HEPTech helps transform ideas into innovations
For a fourth consecutive year, the High-Energy Physics Technology Transfer Network (HEPTech), initiated by CERN in 2006, brought together early stage researchers in high-energy physics and related scientific domains to help them transform their research ideas into marketable innovations. The symposium was hosted by the GSI Helmholtz Centre for Heavy Ion Research in Darmstadt, Germany, from 19–23 June.
Twenty participants from 11 European countries met with entrepreneurs and experienced scientists, learning about technology-push, design-thinking technology characterisation and value proposition. Prominent speakers introduced delegates to the specifics of collaborations in physics, the management of large research projects and decision-making, in a scientific environment. By exploring real cases, the long road from an innovation to a patent or licence and how to deal with intellectual-property rights, was made clear. Basic requirements for public funding and some funding opportunities for start-ups were presented, in addition to tips about how to avoid unexpected traps entrepreneurs might face.
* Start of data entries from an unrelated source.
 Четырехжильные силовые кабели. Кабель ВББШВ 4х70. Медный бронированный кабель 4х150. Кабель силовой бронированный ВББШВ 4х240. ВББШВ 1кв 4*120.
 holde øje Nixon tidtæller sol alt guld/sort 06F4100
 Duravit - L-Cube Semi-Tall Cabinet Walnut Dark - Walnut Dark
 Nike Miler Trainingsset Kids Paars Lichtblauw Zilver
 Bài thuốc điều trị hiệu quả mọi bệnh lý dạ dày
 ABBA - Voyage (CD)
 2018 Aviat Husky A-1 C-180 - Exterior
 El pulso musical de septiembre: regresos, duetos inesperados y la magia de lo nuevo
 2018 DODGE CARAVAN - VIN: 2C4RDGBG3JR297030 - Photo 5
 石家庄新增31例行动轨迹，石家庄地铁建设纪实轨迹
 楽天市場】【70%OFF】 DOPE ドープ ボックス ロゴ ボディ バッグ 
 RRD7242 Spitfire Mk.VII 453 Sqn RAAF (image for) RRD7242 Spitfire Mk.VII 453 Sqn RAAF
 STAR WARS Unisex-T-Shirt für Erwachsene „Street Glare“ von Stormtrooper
Within the week-long event, the secrets of successful project management were discussed, and the importance of appropriate staffing and negotiation techniques.
The entrepreneurship success story of Raspberry Pi revealed how developments in research are transformed into successful marketable products and how to develop a commercially sustainable product in a competitive environment. A great challenge for the early stage researchers was to prepare short pitches presenting their research projects to an expert panel, with the aim of attracting investor attention.
All topics were presented by experienced professionals, entrepreneurs and technology-transfer experts, and participants enjoyed the networking opportunities on offer. The next HEPTech symposium will be held in June 2018 at the extreme light source ELI-ALPS in Szeged, Hungary.
Joint CAS and MAX IV lab course
The CERN Accelerator School (CAS) and MAX IV Laboratory jointly organised a specialised course on vacuum for particle accelerators in Glumslov, Sweden from 6–16 June. The course attracted 80 participants of 27 nationalities, comprising 30 hours of lectures and 17 hours of practical tutorial work. Lectures covered material properties, impedance and instabilities, gauges and pumps, surface properties and treatments, beam-induced effects, computational techniques and controls, manufacturing and acceptance, and a look to the future. The practical work included hands-on experience of impedance calculations, residual gas analysis and leak-detection techniques. An advanced accelerator-physics course will be held in the UK in late summer and a joint accelerator school on radio-frequency technologies will be held in Kanagawa, Japan, from 16–26 October. Pictured are CAS participants touring the new MAX IV storage ring.
Prime minister of Montenegro Duško Marković came to CERN on 7 July. He visited the underground area at CMS, during which he signed a memorandum of understanding between Montenegro and CERN with CERN director for research and computing Eckhard Elsen (pictured right).
On 14 July, Monique T G van Daalen, ambassador of the Netherlands to the United Nations Office, visited CERN. Before signing the guestbook with CERN Director-General Fabiola Gianotti and president of the CERN Council Sijbrand de Jong (pictured), she visited the Antiproton Decelerator and ATLAS.
Mukhtar Ahmed, chairman higher education commission of Pakistan, pictured with Christoph Schäfer of CERN after signing the guestbook. During the 17 July visit, he took in the synchrocyclotron, ALICE, IdeaSquare, S’Cool LAB and CMS.
Monsieur Henri-Michel Comet, préfet de la région Auvergne-Rhône-Alpes, France, was at CERN on 20 July, during which he visited the synchrocyclotron and CMS, and signed the guestbook in the presence of CERN Director-General Fabiola Gianotti.